Susan Gillespie, an associate professor of anthropology at the University of Florida who was not involved in the project, said "this is an important find for Palenque and for understanding Early Classic Maya history and politics," in part because the later rulers who made the city-state larger tended to build atop their predecessors' temples and tombs, making it hard to get at them. "Palenque was a relatively important western Maya capital in the Early Classic, but with the buildup during the time of Pakal and some of his successors, those accomplishments were buried and thus difficult to assess, buried literally by Late Classic structures atop Early Classic ones," Gillespie wrote. The later rulers wrote almost obsessively about Palenque's history in long stone inscriptions, but Gillespie noted that "finding archaeological confirmation of the earlier kings has been extremely difficult."

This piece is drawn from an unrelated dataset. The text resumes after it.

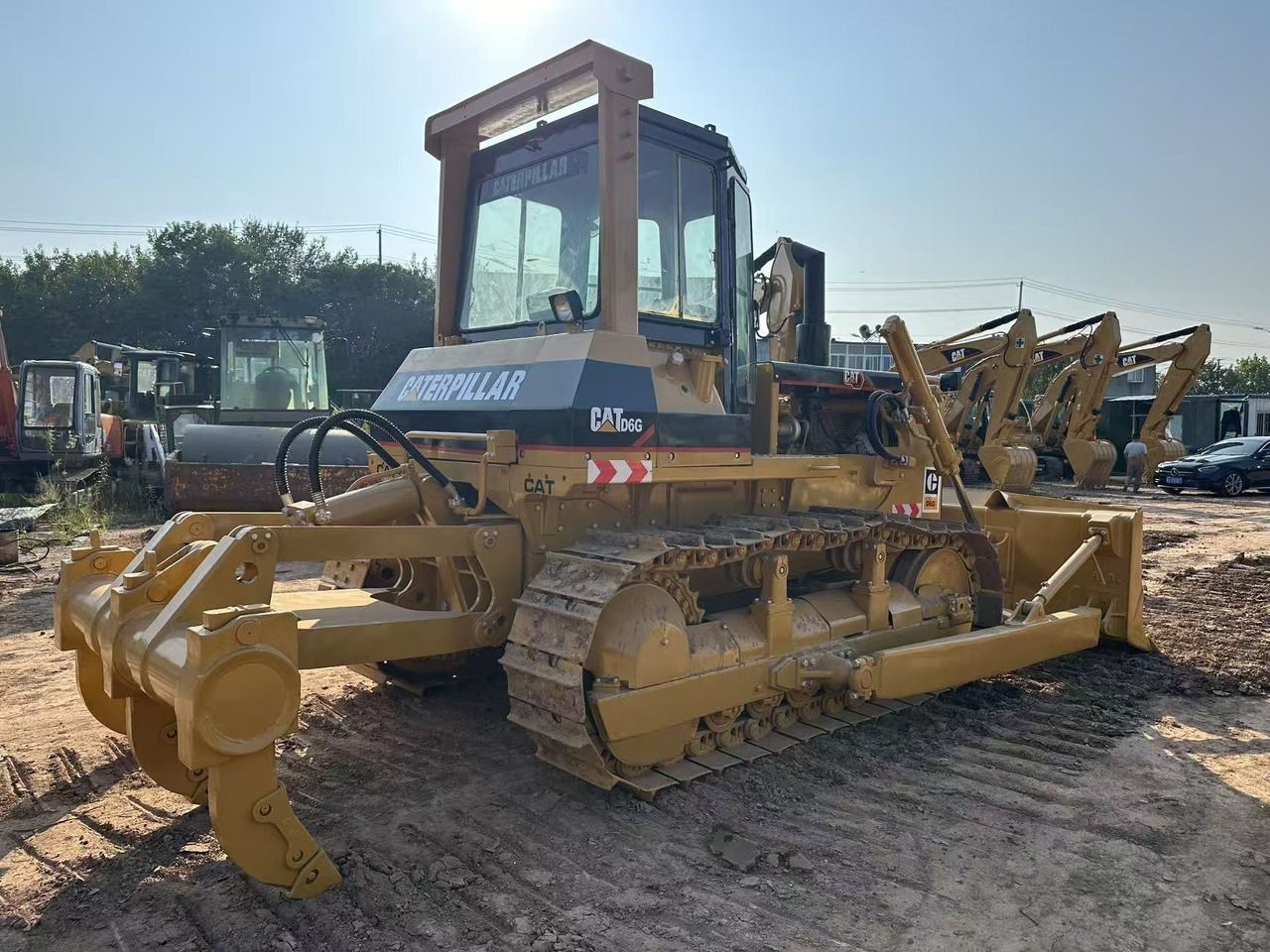 Bulldozer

The tomb's floor occupies about 5 square meters (yards), with a low, Mayan-arch roof of overlapping stones. Experts say it probably dates to between 431 and 550 A.D., and could contain the remains of K'uk' Bahlam I, the first ruler of the city-state. The tomb's existence was revealed by a shaft found near the top of the ruined pyramid, leading downward. But it was too narrow to provide any kind of view of the chamber. In late April, researchers lowered the tiny two-inch-long camera into the tomb using the six-inch (15-cm) wide shaft. While the general public had not seen images of the interior of the tomb, video of it was made after the chamber was detected in 1999, noted David Stuart, a specialist in Mayan epigraphy at the University of Texas at Austin. The images had circulated among researchers and been posted on the internet, and Stuart said that some evidence suggests the tomb "is the burial of a noted female ruler of Palenque named Ix Yohl Ik'nal, based on the date and on the identities of ancestral figures painted on the walls." "The female ruler is mentioned in a number of the historical texts of the site," Stuart wrote. It would not be the first tomb of a female noble found at Palenque; in 1994 archaeologists found the tomb of a woman dubbed The Red Queen because of the red pigment covering her tomb. But it has never been established that she was a ruler of Palenque, and her tomb dates from a later period, between 600 and 700 A.D.